- Radul Location within Chernihiv Oblast Radul Location within Ukraine
- Coordinates: 51°49′52″N 30°42′54″E﻿ / ﻿51.83111°N 30.71500°E
- Country: Ukraine
- Oblast: Chernihiv Oblast
- Raion: Chernihiv Raion
- Hromada: Ripky settlement hromada

Population (2022)
- • Total: 444
- Time zone: UTC+2 (EET)
- • Summer (DST): UTC+3 (EEST)

= Radul, Ukraine =

Rural locality in Chernihiv Oblast, Ukraine

Radul (Радуль) is a rural settlement in Chernihiv Raion, Chernihiv Oblast, northern Ukraine. It is located on the left bank of the Dnieper, which here also makes the border between Ukraine and Belarus. It belongs to Ripky settlement hromada, one of the hromadas of Ukraine. Population:

==History==
Until 18 July 2020, Radul belonged to Ripky Raion. The raion was abolished in July 2020 as part of the administrative reform of Ukraine, which reduced the number of raions of Chernihiv Oblast to five. The area of Ripky Raion was merged into Chernihiv Raion.

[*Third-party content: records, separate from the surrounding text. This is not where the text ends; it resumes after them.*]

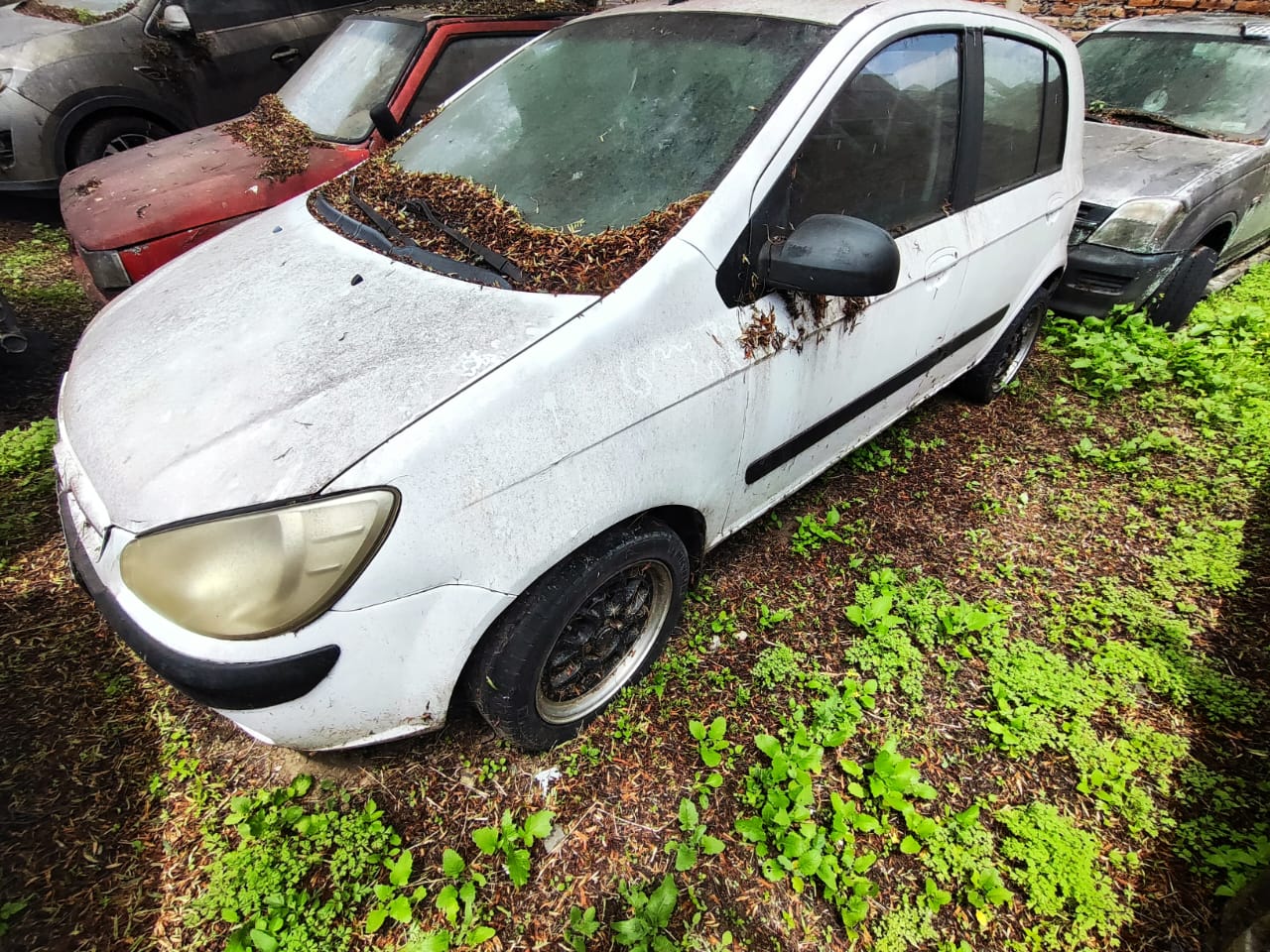 Hyundai getz 5p 1.6 2009 · Regular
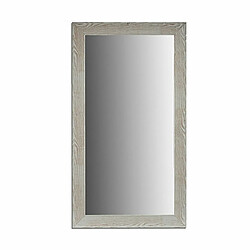 Avis Gift Decor Miroir mural Bois Blanc verre (75 x 136 x 1,5 cm) (2 Unités)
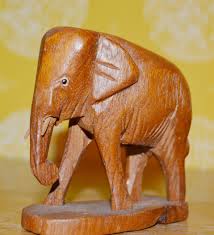Vintage Wooden Figure Elephant Danish Design Retro Mid Century 60s Modernist Sixties Decoration - Etsy Hong Kong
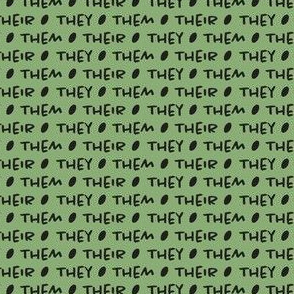 They, Them, Theirs #2 | Green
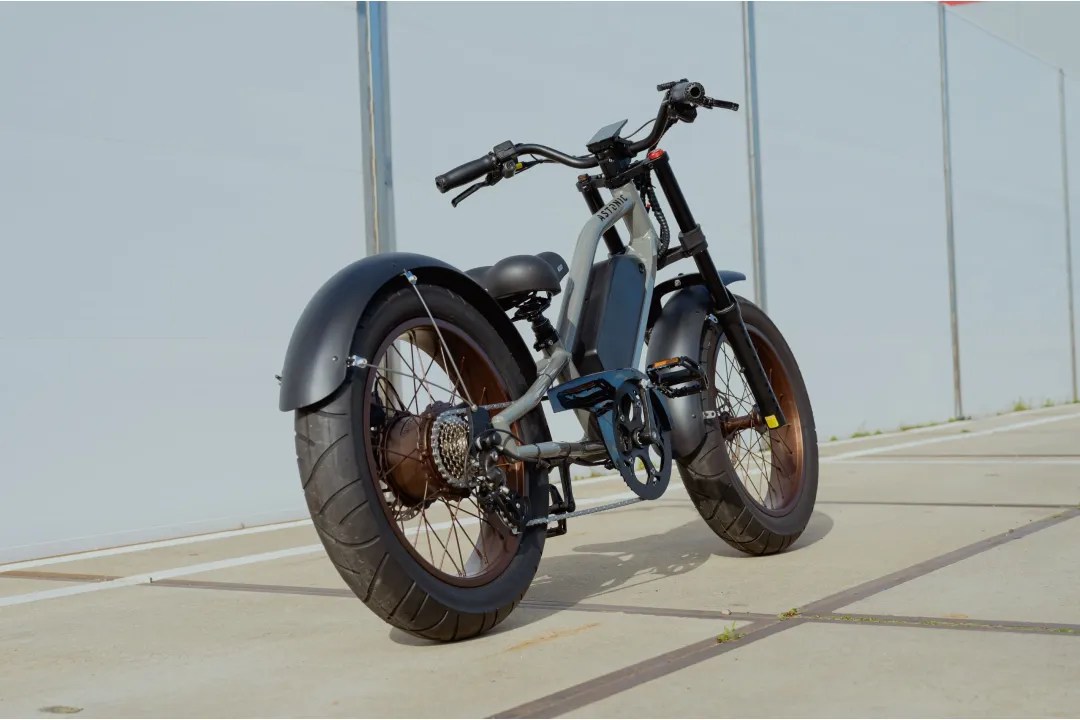 Maatwerk fatbike - E fatbike astonic 60  - Custom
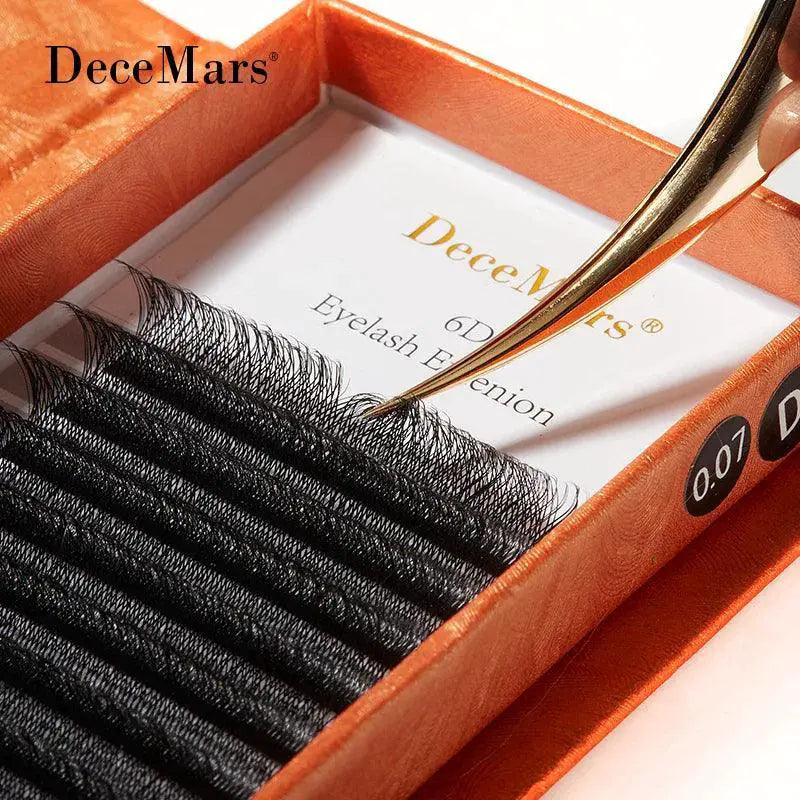 DeceMars 6D - W Eyelash Extension For Glamorous Look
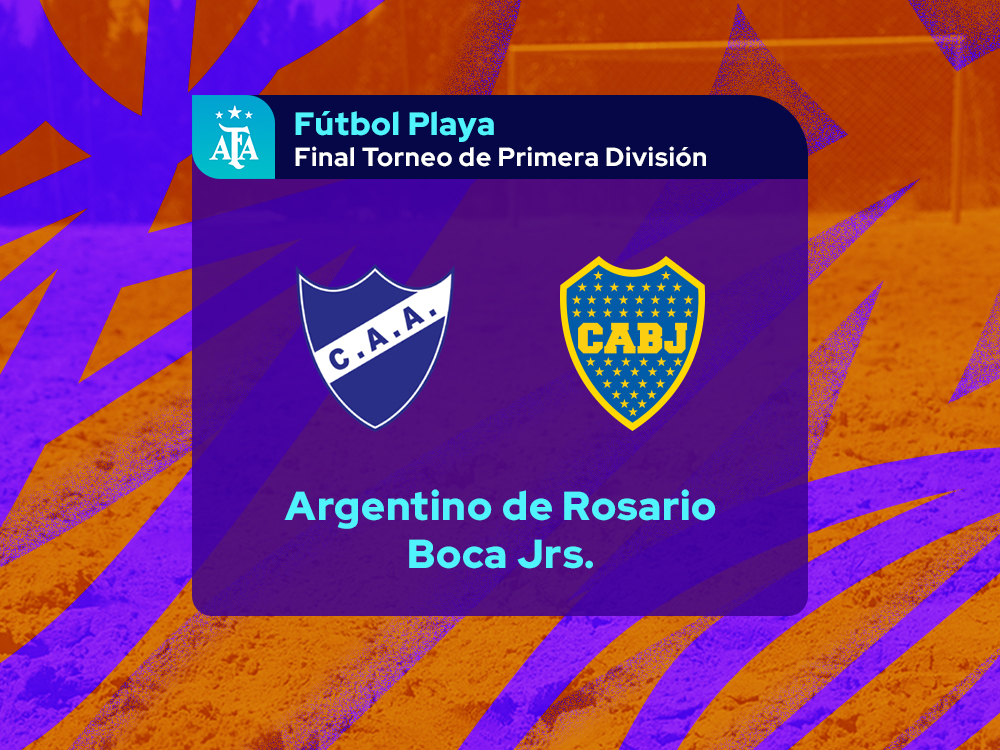 Argentino de Rosario y Boca Juniors se enfrentarán el próximo domingo para definir el título del Torneo de Primera División 2025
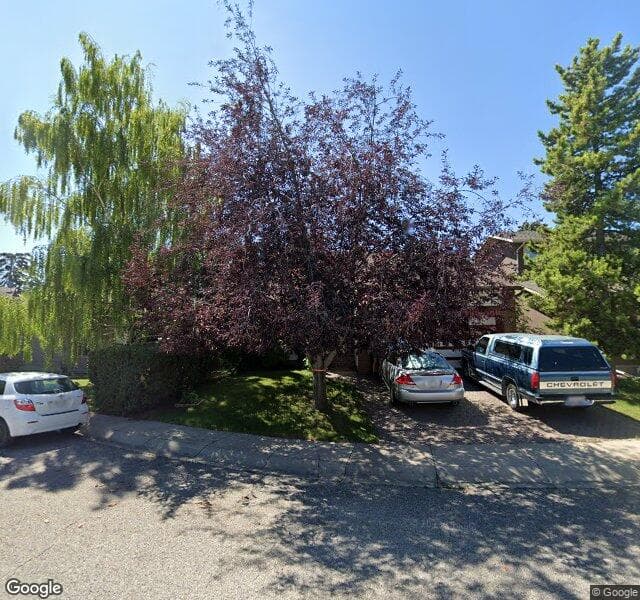 Street view of 104 Strathcona Close SW, Calgary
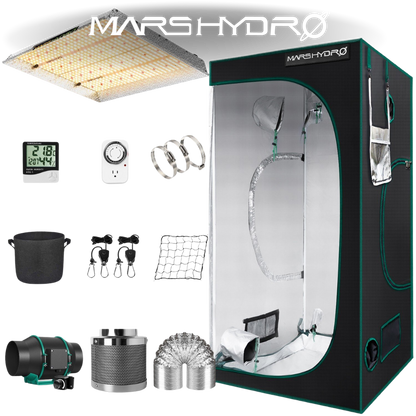 Mars Hydro TSW 2000 Kit Completo 120x120x200 - 420 Farm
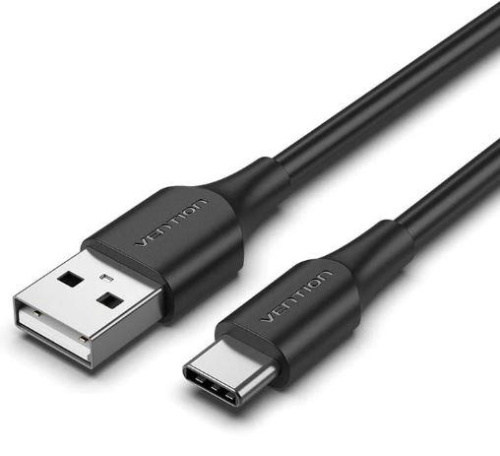 CABLE USB-C TO USB2.0/3M Черный CTHBI VENTION
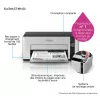 Drukarka atramentowa Epson EcoTank ET‑M1100 — monochromatyczna, A4, 32 str./min, 1440×720 dpi, zintegrowany zbiornik tuszu, USB 2.0, szary/czarny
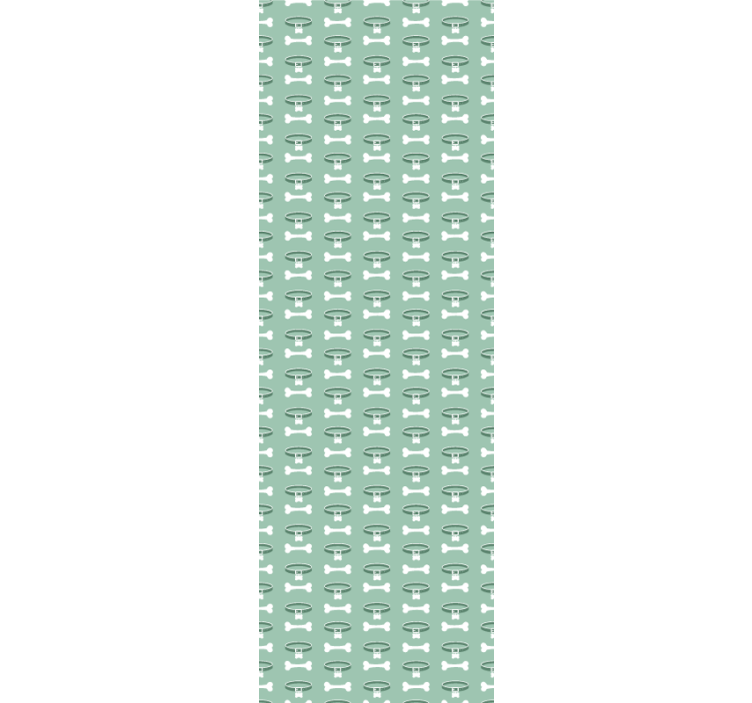 Leikkisät avainmotiivit lastenhuoneen tapetti - Tenstickers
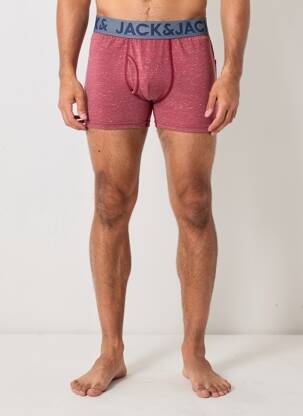 Bokseris raudona JACK & JONES vyras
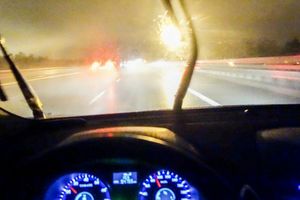 Deszcz i minusowa temperatura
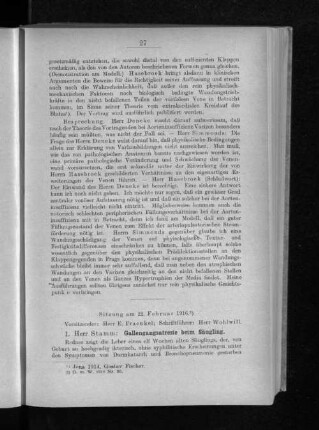 Sitzung am 22. Februar 1916
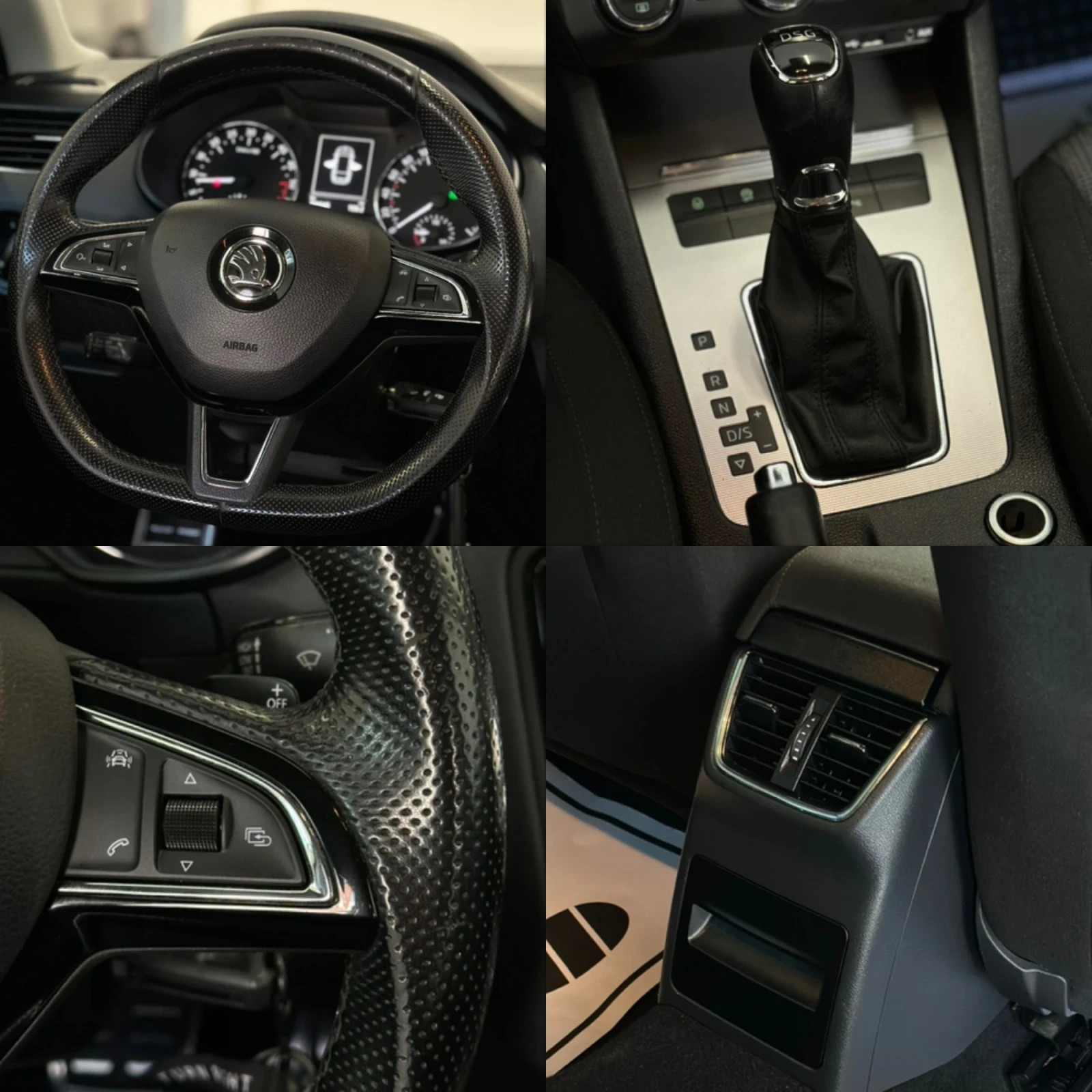 Skoda Octavia 2.00D/DSG6/2017г/ОБСЛУЖЕН/Уникат/FULL-LED/Като-НОВ, снимка 15 - Автомобили и джипове - 54497468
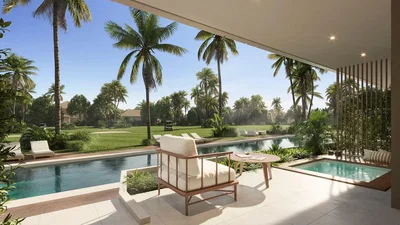 Terrasse; vue, carrelage, lumière naturelle, style moderne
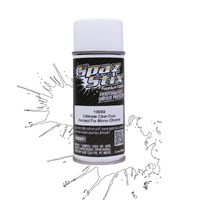 Ultimate Clear Coat Aerosol Paint 3.5oz -for Mirror Chrome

Until 26 January 2024, Radul was designated urban-type settlement. On this day, a new law entered into force which abolished this status, and Radul became a rural settlement.

==Economy==
===Transportation===
The closest railway stations (Hlynianka and Holubychi) are located in Ripky. There is infrequent suburban passenger traffic.

Radul is connected to Ripky by a paved road. In Ripky, there is access to Highway M01 which connects Kyiv with the border with Belarus and continues across the border to Gomel.